Article: B. Mattiesen (GERMANY)
End of ISAF Mission
End of a Period: The Last Flag Officer Medical Advisor in Kabul
From October 2013 until June 2014, Brigadier General Dr. Bernd Mattiesen, German Medical Service was the last Medical Advisor at HQ ISAF in Kabul in the rank of a flag officer. His tour of duty was impressed by the declining strength of the Force and a more civilian attitude of the task.

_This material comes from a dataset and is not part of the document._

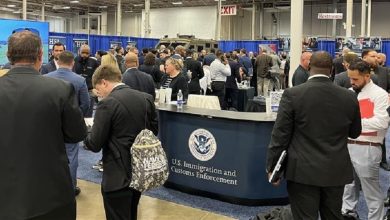 The administration of President Donald Trump announced the imposition of new financial fees amounting to five thousand dollars on migrants who are caught entering the United States illegally.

The UN - Resolution 1386 might be seen as the initial ignition for the establishment of the ISAF mission in Afghanistan. The then given task was to assist the legal government of Afghanistan (later “GIROA”: Government of the Islamic Republic of Afghanistan) and provide security over the country. In the first years of the mission ISAF was restricted to the capital, whereas the rest of the country was under the control of the US - led mission OEF (Operation Enduring Freedom ). From 2004 on, a merger of both missions started by creating an increasing number of PRTs all over the country under ISAF control. ISAF was the pillar of Afghan stabilization until the public handover of the security responsibility back to the newly structured Afghan force in 2013.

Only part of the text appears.